(Given data begins)
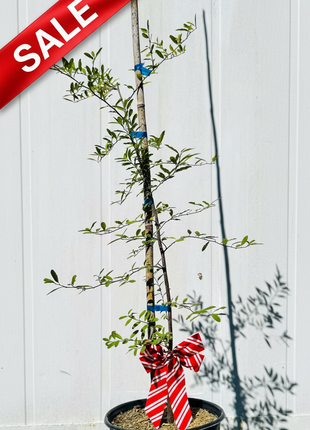 Potted plant with a decorative ribbon against a white wall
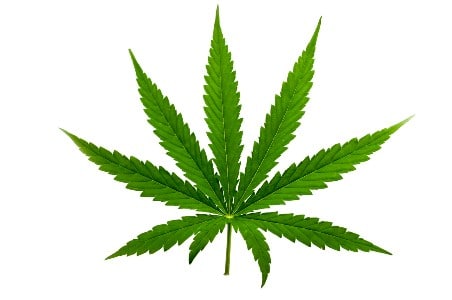 Hybrid cannabis leaf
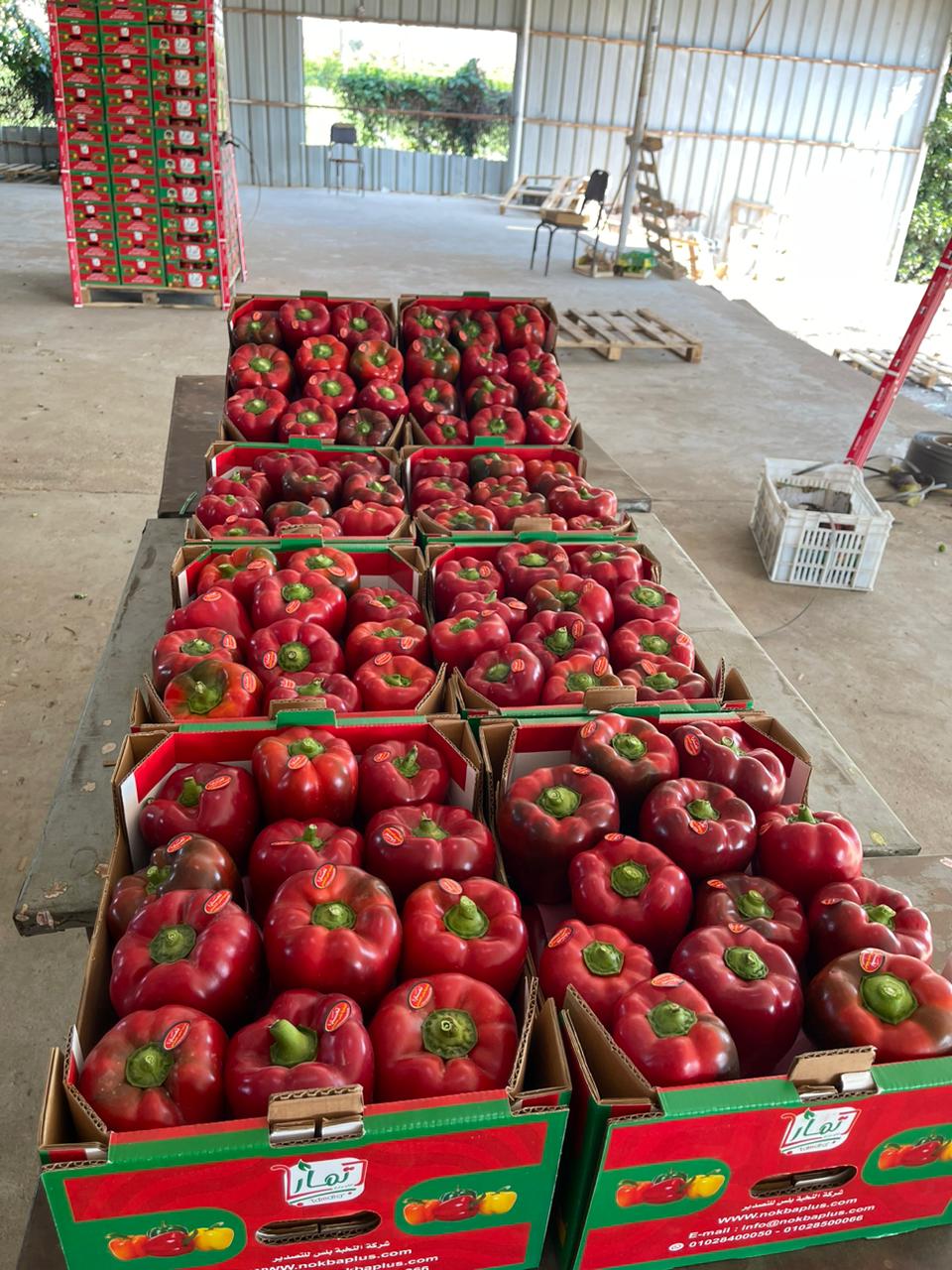 Egyptian peaches retail pack export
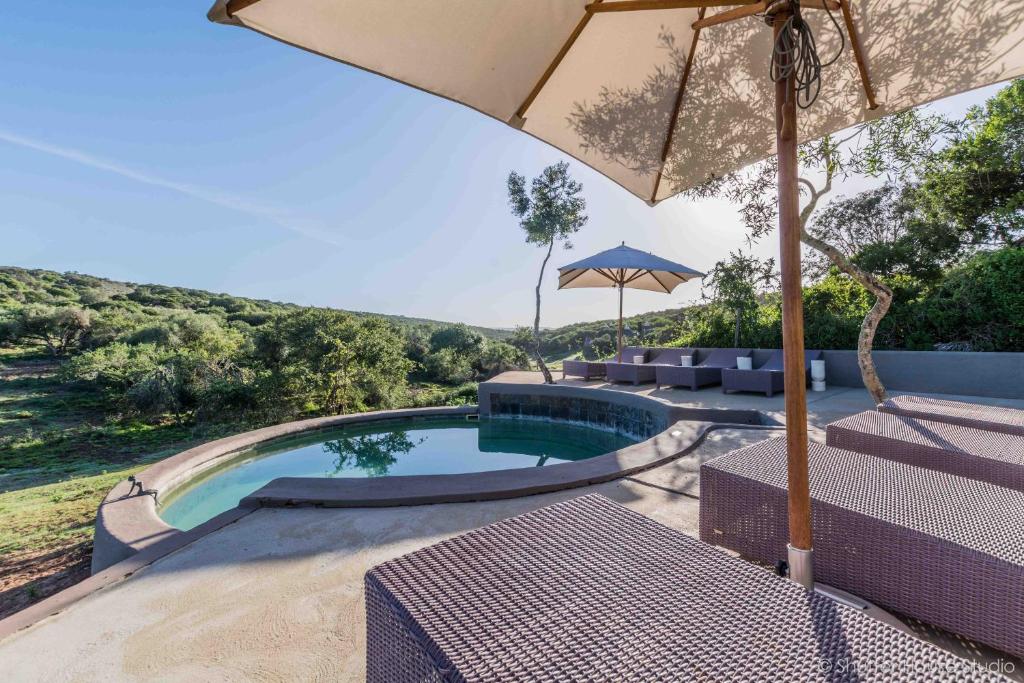 Bazén v ubytování Safari Lodge - Amakhala Game Reserve nebo v jeho okolí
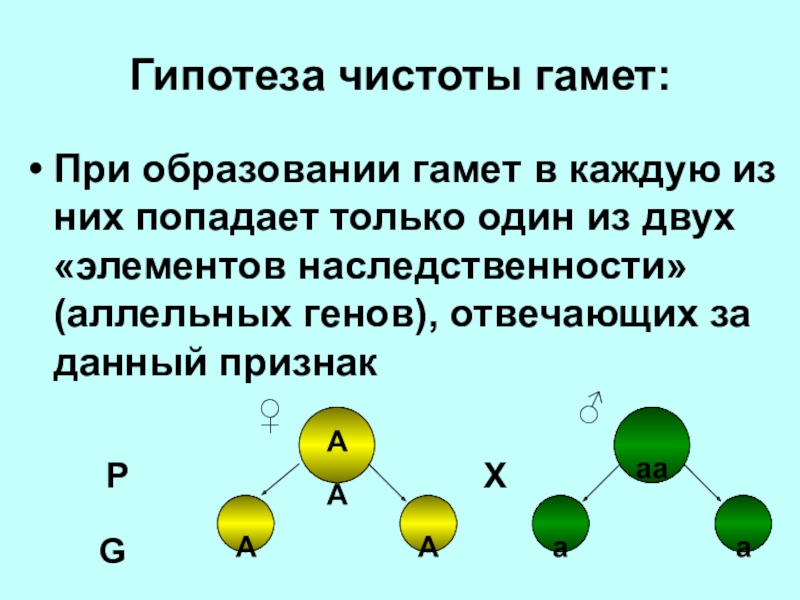 Образуют гаметы. При соединении 2 гамет образуется. Образование гамет. При образовании гамет в каждую из них попадает пара аллельных генов.. Один Тип гамет.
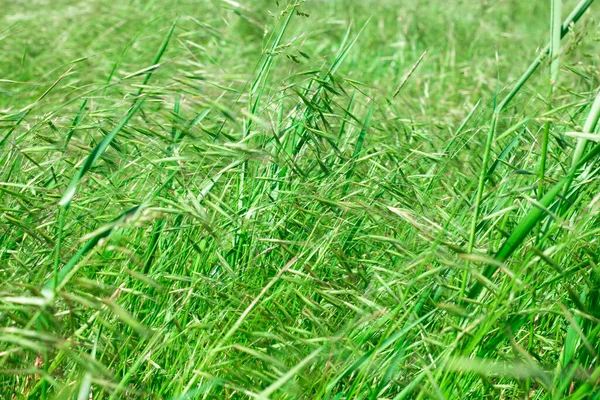 Campo Com Grama Verde Balançando Vento Planta Natural Fundo Calmo — Fotografia de Stock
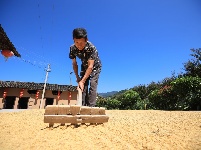 巴东：秋风起 乡野秋收多欢喜
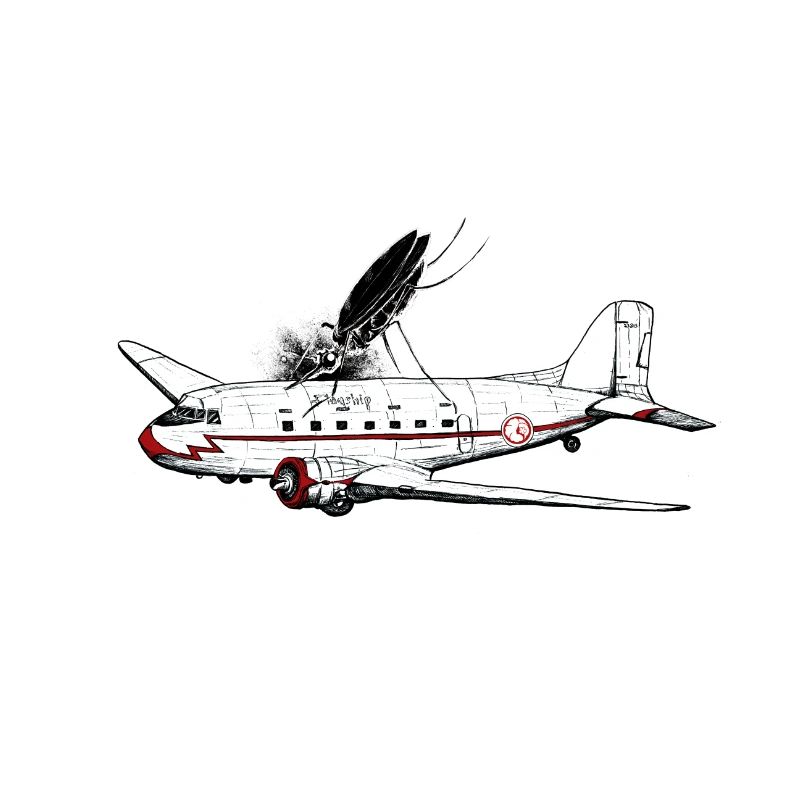 gnat bite
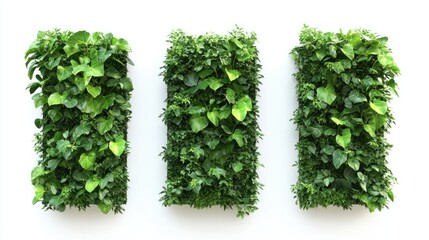 Naklejka premium Set of three vertical garden walls with greenery on an isolated white background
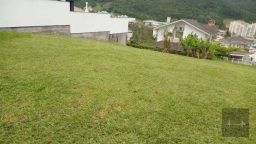 https://img.olx.com.br/thumbs256x256/33/333550649596368.jpg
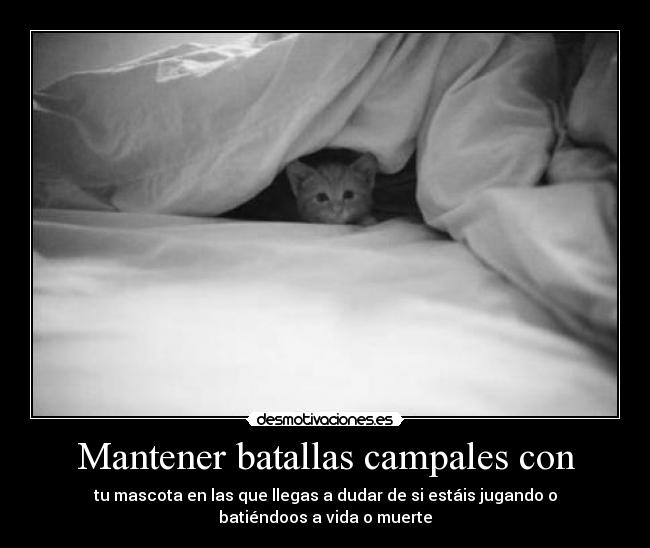 Mantener batallas campales con -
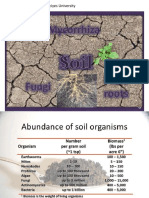 MYCORRHIZA Prep by Ali Irfan ILBAS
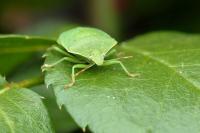 Green Vegetable Bug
(Given data ends)
Directions
Write out nothing but the lines from the one with "巴东：秋风起 乡野秋收多欢喜" through the last line of the entries, exactly as they stand; pictures are not part of the copy.

Result of the exercise
 巴东：秋风起 乡野秋收多欢喜
 gnat bite
 Naklejka premium Set of three vertical garden walls with greenery on an isolated white background
 https://img.olx.com.br/thumbs256x256/33/333550649596368.jpg
 Mantener batallas campales con -
 MYCORRHIZA Prep by Ali Irfan ILBAS
 Green Vegetable Bug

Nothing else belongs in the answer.